What are those themes? If you aren’t sure, try talking to your DM or fellow players. In heroic campaigns, these themes can include empathy, the concept of good and evil, personal loss, fear of the future, or of the past coming back to haunt a world of peace. These elements of your hero’s journey are just as valuable as making an old friend, or as pragmatic as choosing to play a non-player character. The set of skills you use to bring your adventurer into the fold are focused on what the story is about, rather than what a character might have been before the story took place. The nuance of this awareness can bring about new ways to enjoy not only D&D, but roleplaying in general.

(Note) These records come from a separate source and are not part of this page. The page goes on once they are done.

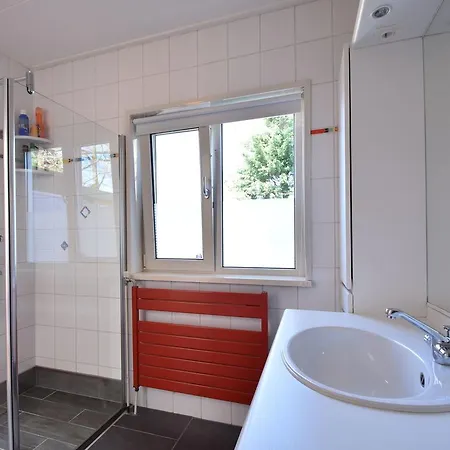 Bungalow * Μπέργκεν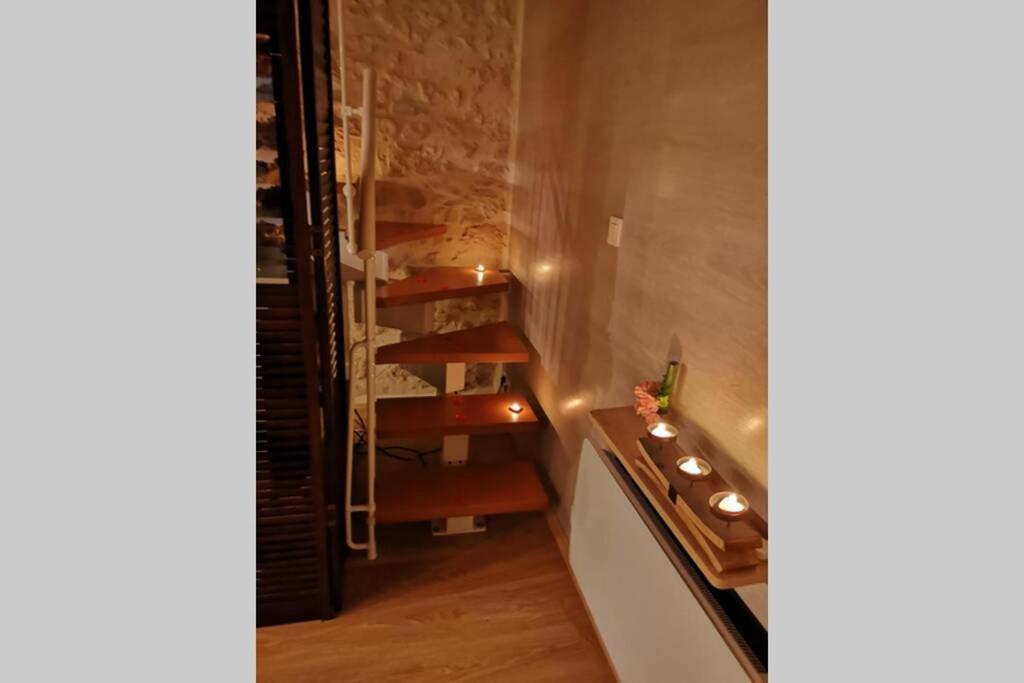 Le Portougais, Chalet A Chanaz, La Petite Venise Savoyarde Kültér fotó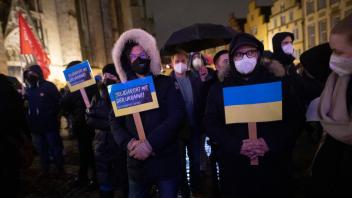 300 Osnabrücker bekunden vor dem Rathaus ihre Solidarität mit der ukrainischen Bevölkerung.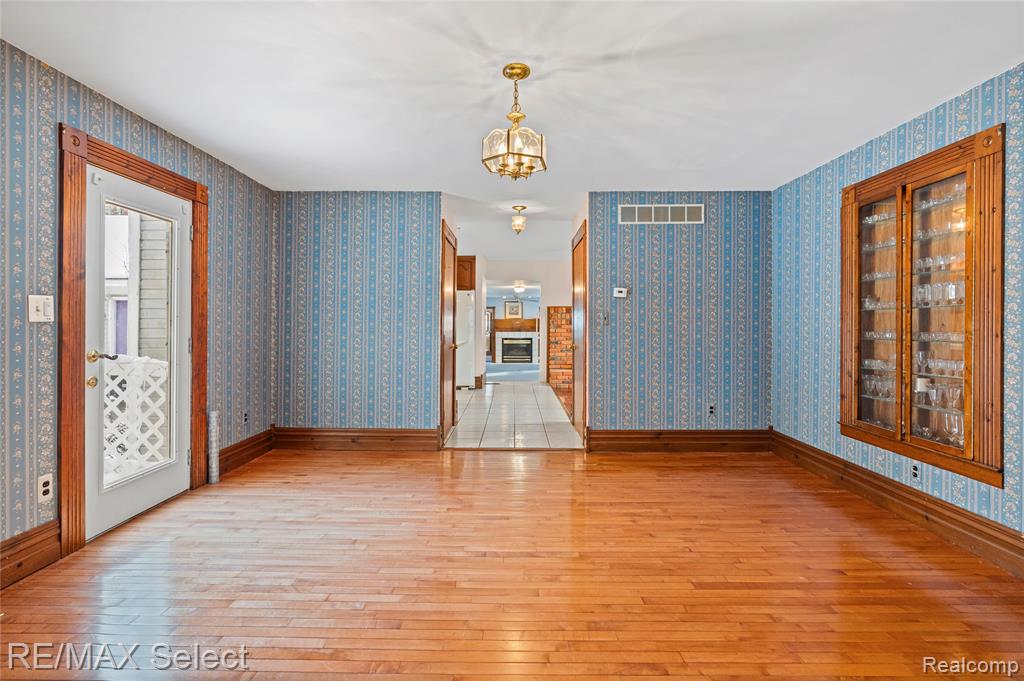 9710 Rattalee Lake Road, Clarkston, MI 48348 — Photo 13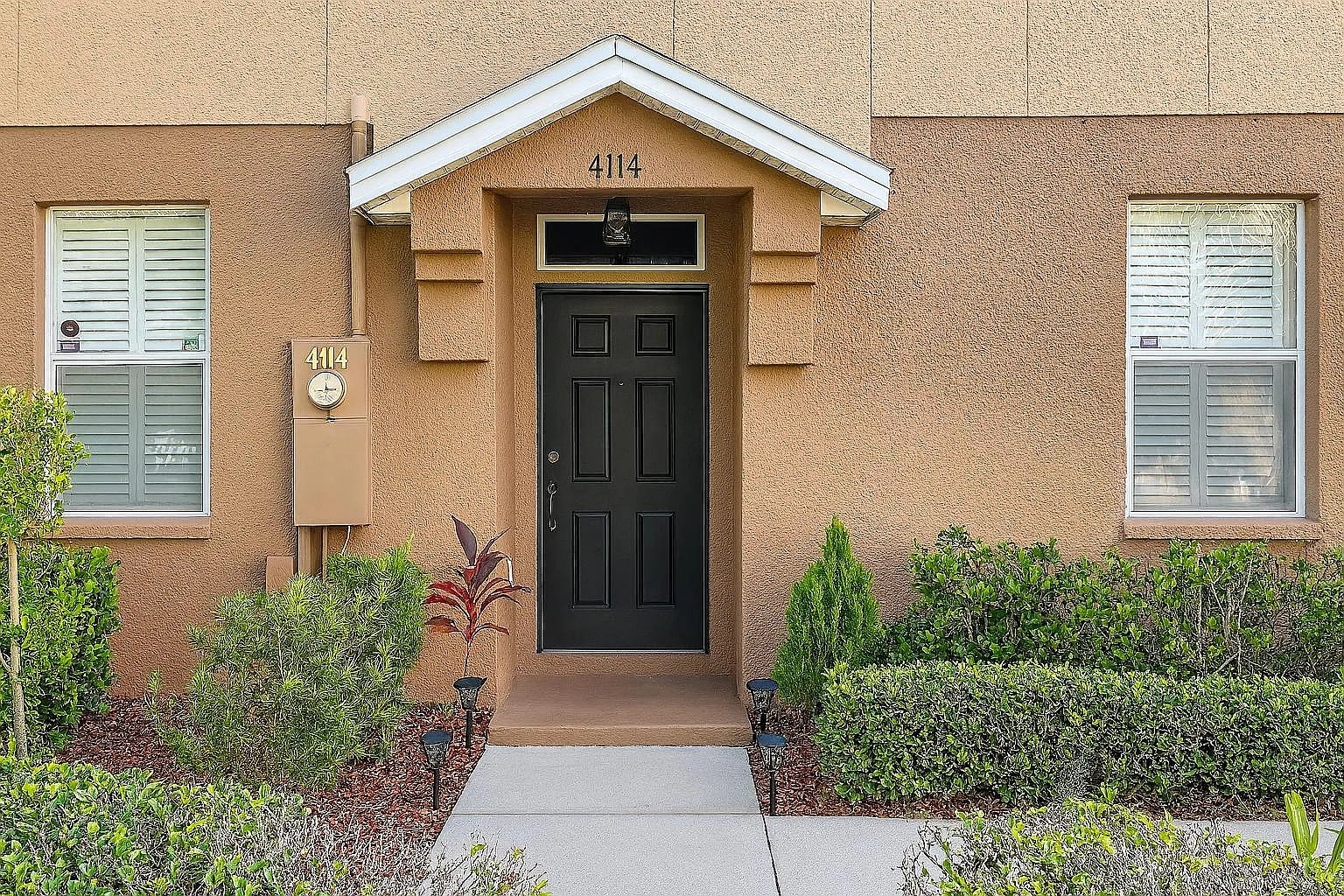 3 bed, 1588 sqft, $2,200 — Photo 2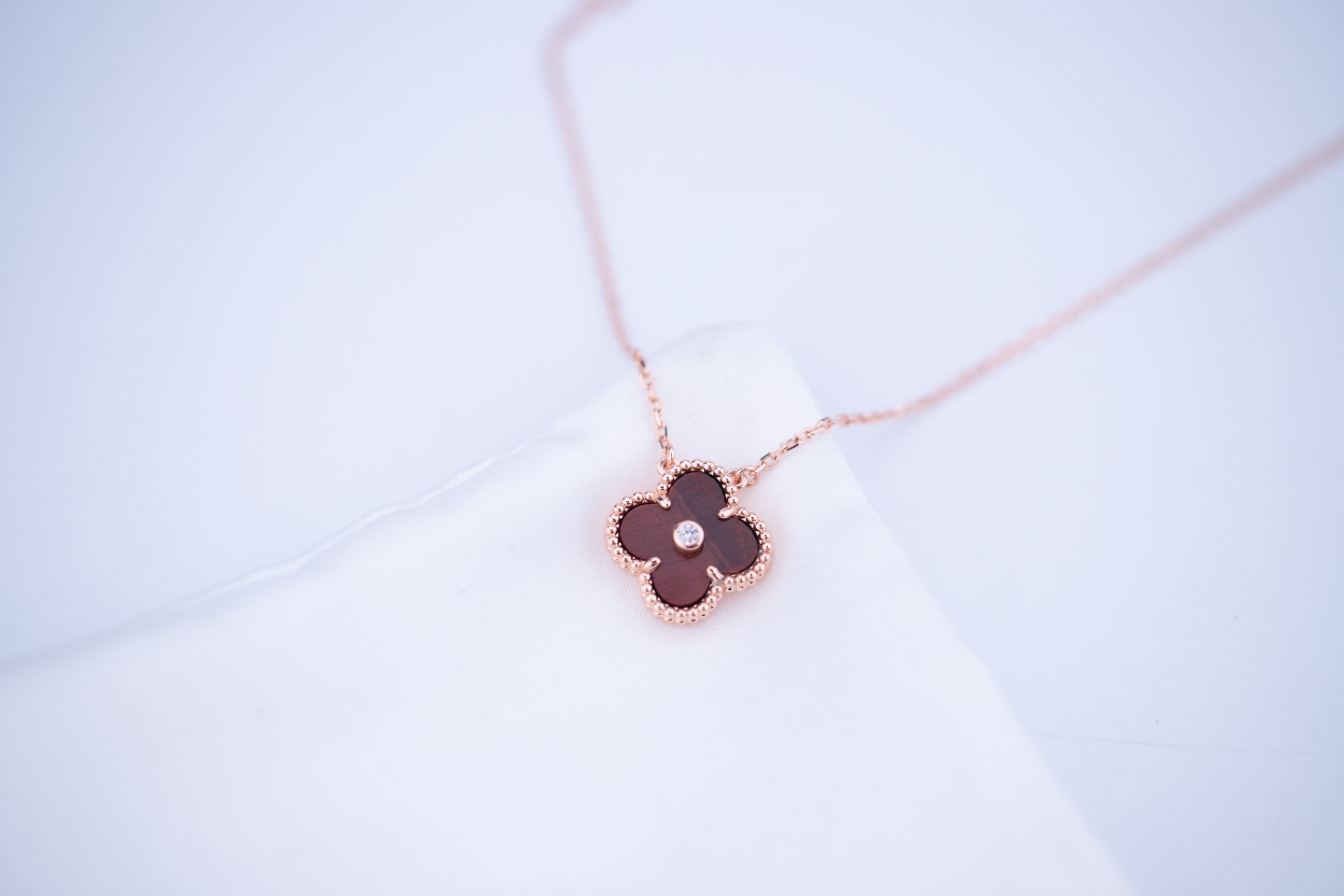 Van Cleef & Arpels Bags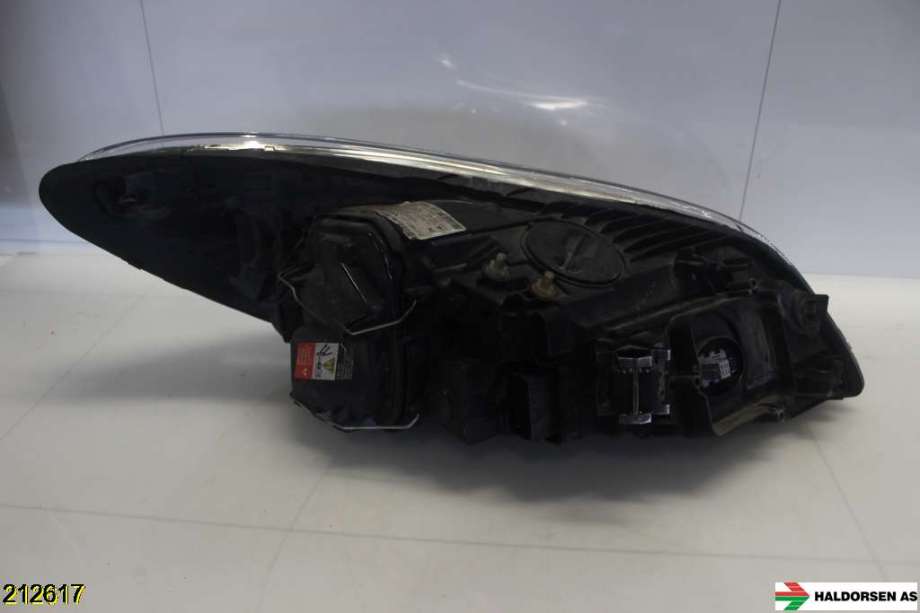 Frontlykt venstre halogen til Volvo C30 2010-2012 (Fase 2)  (VOLVO|32206154||31214803)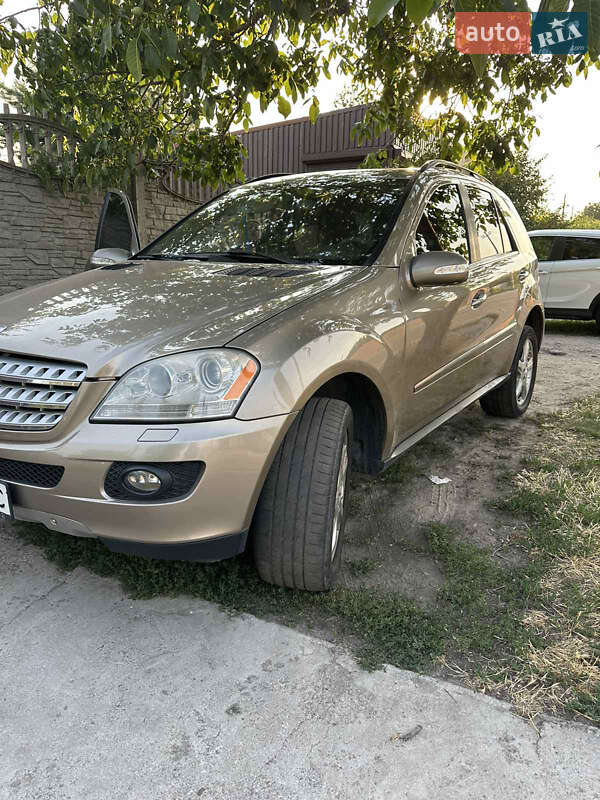 Внедорожник / Кроссовер Mercedes-Benz M-Class 2007 в Запорожье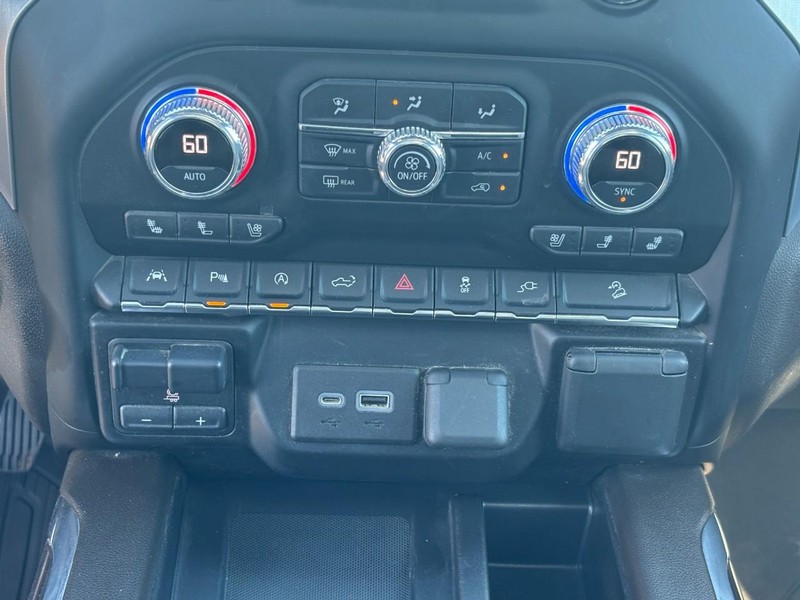 GMC Sierra 1500 Vehicle Full-screen Gallery Image 23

Why Would I Grungus When I Can Chungus
Or, why would I ever make a backstory-less character if I enjoy writing elaborate backstories? A fantastic question! Here’s another: how many times have you begun a campaign as someone who has yet to hold a sword, or who has never cast a spell? If that number is zero, then there’s an opportunity to experience something you never have before.
When you create a character with a dense backstory, you partially answer a great deal of questions on your own that you may wish to explore together with your party. How did I learn to fight? Who were my mentors or teachers? What difficulties arose that made me venture out into this grand world of fantasy? Sometimes a backstory is used as a way for players to set a checkmark next to these questions to signify that they’re answered rather than letting the campaign be the host for those answers.
In early editions of Dungeons and Dragons, non-player characters that don’t have stat blocks or character sheets are level 0. They don’t have skills to check or scores to modify. They are normal, everyday people. Your character was likely just like them, until one day they weren’t. You begin the journey that will one day become a story better than you could have written alone.
So if you’re from the land of backstories, try piloting a Grungus around in your next oneshot. And for those living for each moment to moment engagement, give backstory a try and see what it brings out of you as a player.
Whatever happens, new experiences help freshen up old skills. So take the leap and see what’s on the other side.
Have you ever created a character with no backstory, and whose personality developed exclusively through frontstory? Tell us about them in the comments!
DC is an independent game designer, and the creator and author of plot ARMOR, as well as a freelance writer for Wizards of the Coast. You can find them assisting the tabletop roleplaying game community’s growth on Twitter @DungeonCommandr.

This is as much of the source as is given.